Besides the above fines, a “P” driver will be given a 10 point demerit deduction and this will automatically cause the “P” license to be suspended right away. A “P” driver who ignores a traffic light, will also be given a 10 point demerit point deduction. Furthermore, a “P” driver who exceeds a 40km/h in a designated area will also be slapped with a 10 demerit point deduction.

The above 3 deductions of “demerit” points will automatically cause a “P” driver’s driving license to be suspended. “P” drivers may wish to know, what will happen should one’s “P” license be suspended or withdrawn by the authorities?

A person, whose license is banned or suspended, is prohibited from driving, to hold any class of driving license for a period of 12 months. Upon completion of the suspension period, a candidate has to repeat the process of learning how to ride or drive and then sit for a retest in order to obtain his new driving license.

A “P” holder also has to affix P plates on the front and the rear of a vehicle. P plates have specific measurements. They are:

  • P plates for cars: 15cm X 15cm
  • P plates for motorcycles: 10cm X 10cm


For motorcycles, owners of bikes should see to it that “P” plates be affixed as follows:

  • Affix P plates above or below the head lamp.
  • Also affix a P plates above or below the registration plate of the motorcycle.


Upon completion of a 2 year probational period, a “P” owner has to convert his “P” license into Competent Driver’s License. The above application has to be made within 1 year of the “P” license expiring. A failure to convert the “P” license into C.D.L. will cause the “P” license to become null or void.

How does a “P” driver go on to convert his “P” into C.D.L.? Documents that are required are as follows:-
1. Original driver’s license.

2. 1 copy colour photo measuring 25mm X 32mm.

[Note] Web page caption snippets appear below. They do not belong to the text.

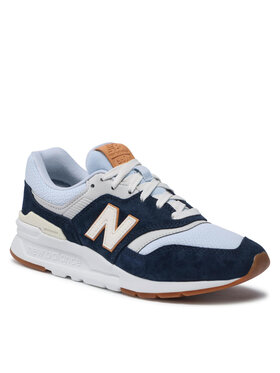 New Balance New Balance Sneakers CW997HLR Blu
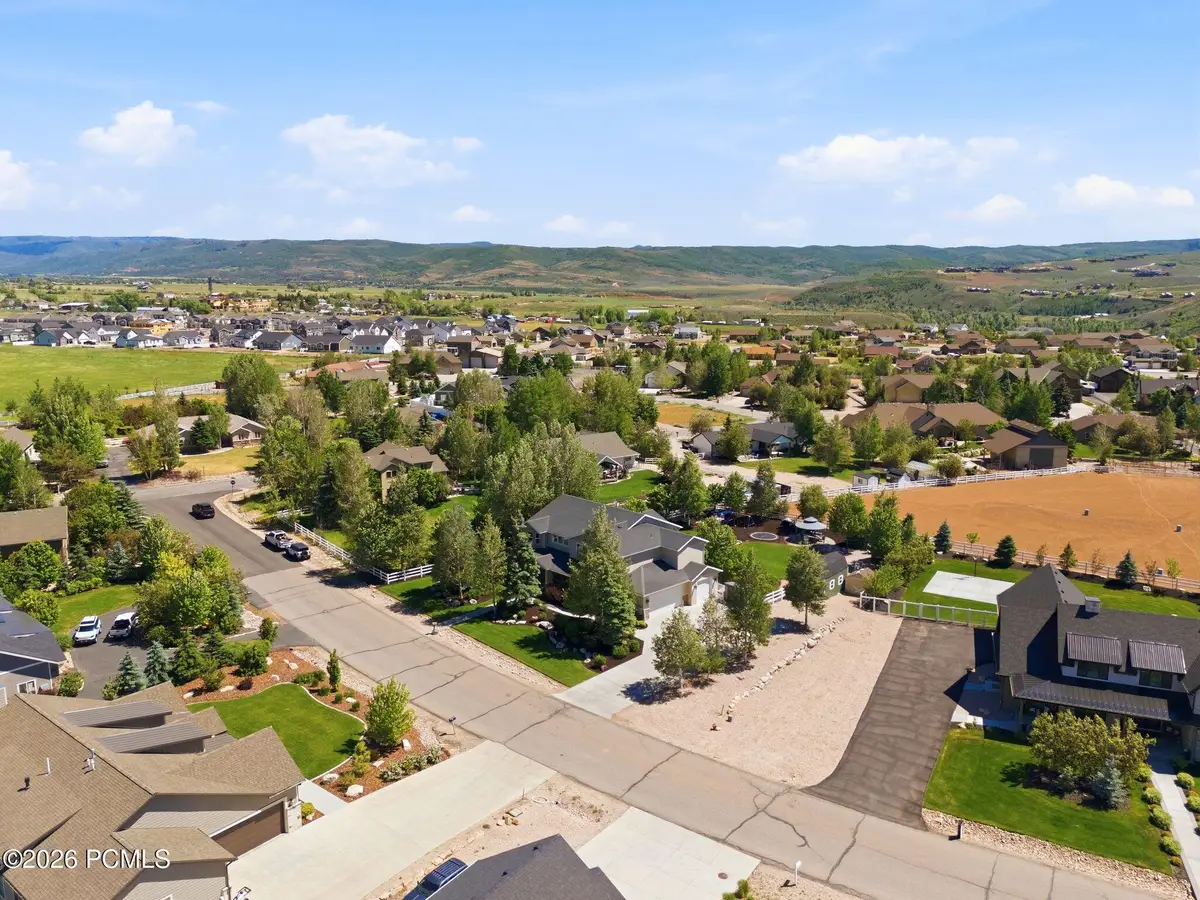 361 Aspen Road, Kamas, UT 84036 - #1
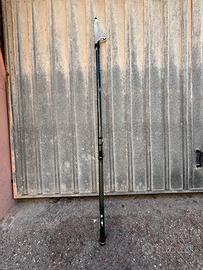 Canna globe fishing universal 600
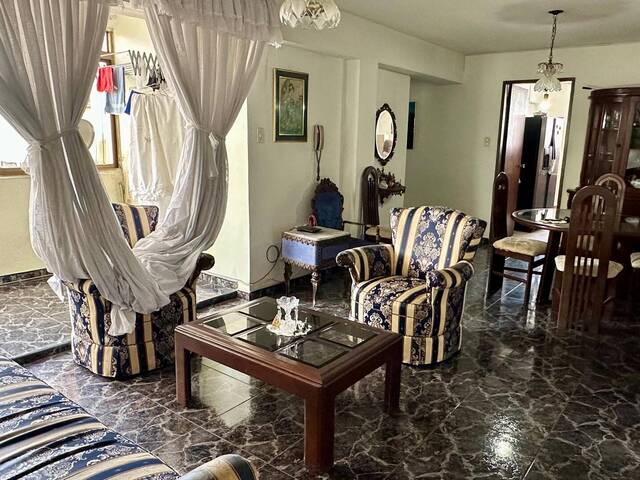 #294748 - Apartamento para Venta en  Naguanagua - G - 2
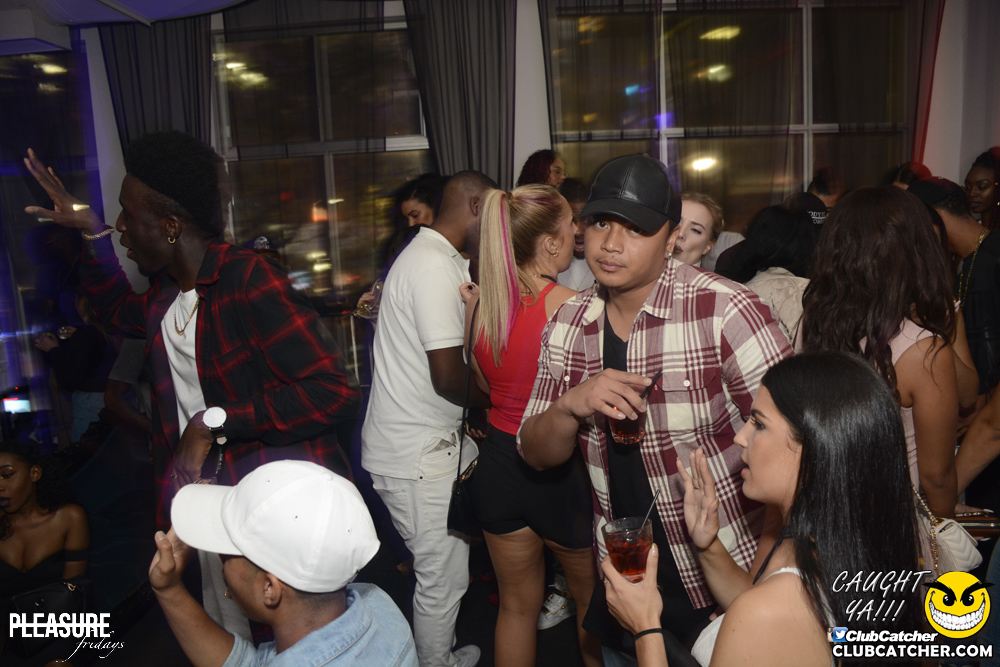 Studio Entertainment Theatre party venue photo 123 - August 12th, 2016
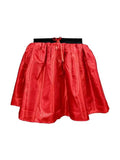 Ladies Satin Tutu Skirts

3. Payment of RM30 per year for cars. For motorcycles, the payment is RM2 per year.

A driving license can be paid for 1 year (RM30), 2 years (RM60), 3 years (RM90) and 5 years (RM150). Whereas for motorcycles, the rate of payment is RM2 for one year.

There are some “P” holders who would like to know, can a “P” license be converted into a C.D.L before its due date? A “P” license can be converted into a C.D.L. at least 7 days before the “P” period ends. However, the C.D.L can only be allowed to be paid for a period of 1 year only. Besides that, the newly issued license will be monitored automatically by the authorities via their computer system.

Can “P” licenses which have become null and void, its owners make a appeal for it to be reinstated? The answer to the above question is an affirmative “yes”. A “P” license that has expired its 1 year period, can appeal for it to be reinstated by the J.P.J or Jabatan Pengangkutan Jalan authorities. Only certain provisions and criteria will be accepted.

Amongst some of the required criteria are:-
1. Provide good criteria and sound basic reasons for consideration.

2. Those making an appeal should ensure that the “P” license has not exceeded the 3 year period as per section 29(1)(b) APJ 1987.

3. The “P” holder has been in a foreign country. Provide evidence that the “P” owner has been outside the country with documents of departure/entry into the country concerned.

4. Failure to, convert “P” into C.D.L due to serious sickness. In this case, medical evidences should be made available.

5. At times, a “P” holder is unable to convert his “P” into C.D.L because the person concerned was behind bars, making it impossible for the owner to convert his “P” license into C.D.L.

6. Inability to convert one’s “P” into C.D.L due to specific reasons. For this, the Pengarah is allowed to weigh the pros and cons whether to allow a “P” license to be reinstated or otherwise. The Pengarah’s decision is final. And finally, it should be borne in mind that the Ketua Pengarah or the Director General, has the right to either Reject or approve a certain appeal.